In the framework of the Blum-Shub-Smale real number model \cite{BSS}, we study the {\em algebraic complexity} of the integer linear programming problem
(ILP$_{\bf R}$) : Given a matrix $A \in {\bf R}^{m \times n}$ and vectors
$b \in {\bf R}^m$, $d \in {\bf R}^n$, decide if there is $x \in {\bf Z}^n$ such that
$Ax \leq b$, where ${\bf 0} \leq x \leq d$.

We show that there is an \( O\left( m\log ||d||\right) \) algorithm for ILP\( _{\bf R} \), when the value of \( n \) is fixed.

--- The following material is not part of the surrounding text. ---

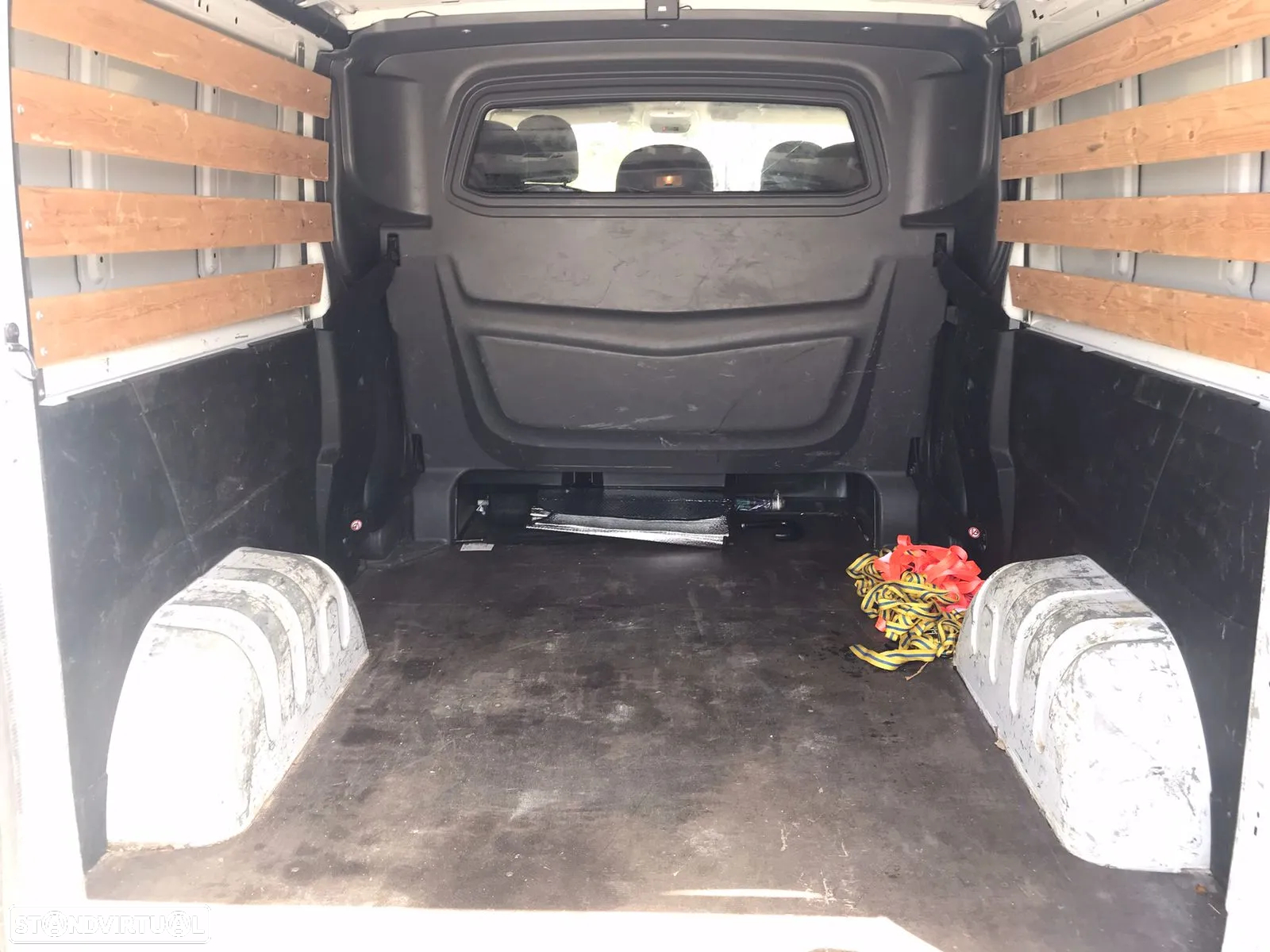 Renault Trafic - 9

As a consequence, we obtain a tight algebraic complexity bound $\Theta \left( \log \frac{1}{a_{\min}}\right)$, $a_{\min} = \min \{ a_1,\dots,a_n \}$ for the Knapsack problem
(KP$_{\bf R}$) : Given $a \in {\bf R}_{+}^n$, decide if there is $x \in {\bf Z}^n$ such that $a^T x = 1$, when the dimension $n$ is fixed.
We achieve these results in particular through a careful analysis of the algebraic complexity of the Lov\'asz' basis reduction algorithm and Kannan-Bachem's Hermite normal form algorithm, which may be of interest in its own.

We also obtain an \( O\left( mn^{5}\log n\left( n+\log ||d||\right) \right) \) depth {\em algebraic
decision tree} for ILP\( _{\bf R} \), for every \( m \) and \( n \).